Recently I'm working on a project EnvPool that can efficiently execute multiple environments concurrently, this is the benchmark result on Nvidia Apollo (96 CPU cores) and DGX-A100 (256 CPU cores) for pure environment simulation:

2021-09-16 10-33-46 的屏幕截图

2021-09-16 10-35-57屏幕截图

As you can see, this is way faster than gym.vector_env (10x). BTW EnvPool also supports multi-agent env. We are going to open-source this project in Sept. or Oct., and I'm wondering if you have any interest in integrating new environments (including your awesome PettingZoo!) after we finishing open-source. Thanks!

@Trinkle23897 I am certainly curious about it. After it is made open source, I will definitely take a look and see if it makes sense to add multi-agent support.

On the side, I have been a big fan of heavy use of vector environments, and I am surprised that they performed so poorly.
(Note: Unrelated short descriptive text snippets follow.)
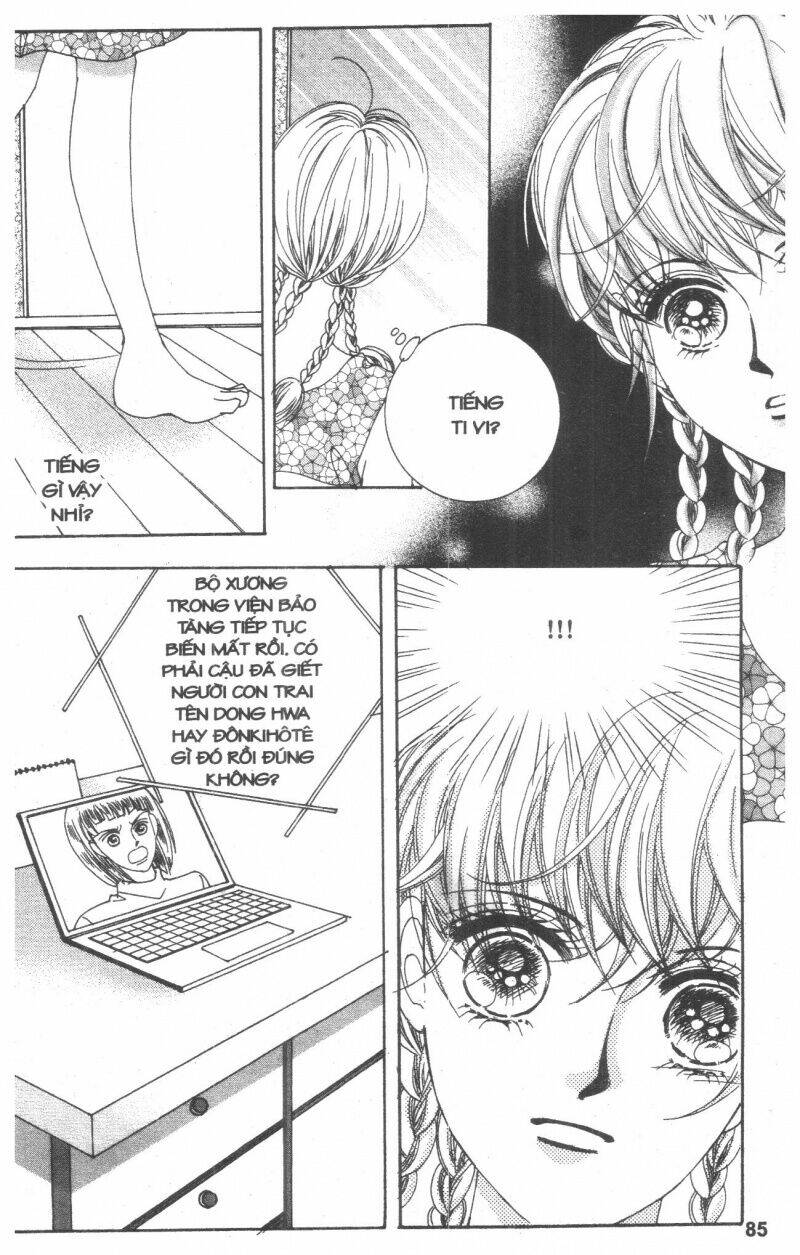 cũng vì em chapter 6 85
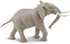 7.6" 3+ Safari Ltd. African Bull Elephant Figurine - Realistic Wildlife Figure - Educational Toy for Boys, Girls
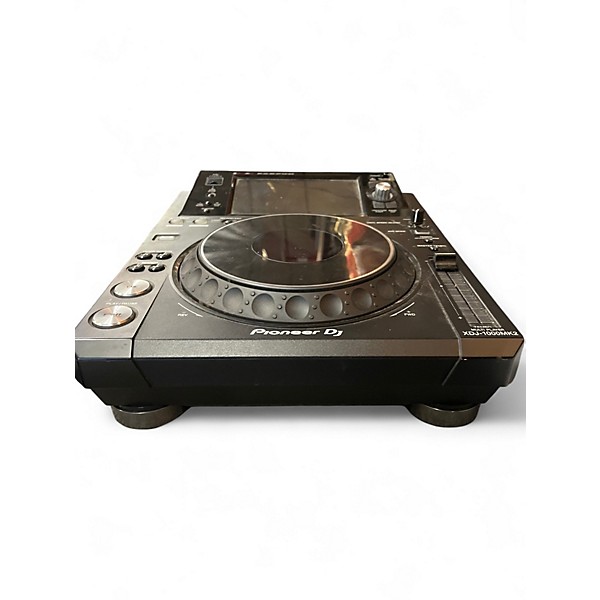 Used Pioneer DJ XDJ-1000MK2 DJ Player
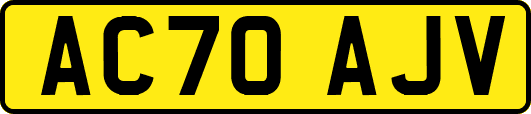 AC70AJV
Do you have a sense of why the sync EnvPool is more efficient than gym's AsyncVectorEnv?

So first of all, in my context gym's AsyncVectorEnv is sync step because they step all of the environments simultaneously, no matter they use different sub-process to execute env.step.

EnvPool-sync can achieve 3x faster than gym's vector_env is mainly because of two things: one for directly C++ env integration and C++ level parallelization, and another one for efficient data movement and batching operation via pybind11.

EnvPool-async's behavior is exactly the same as tianshou's VectorEnv which has implemented async step, see https://tianshou.readthedocs.io/en/master/tutorials/cheatsheet.html#parallel-sampling or thu-ml/tianshou#103

see if it makes sense to add multi-agent support.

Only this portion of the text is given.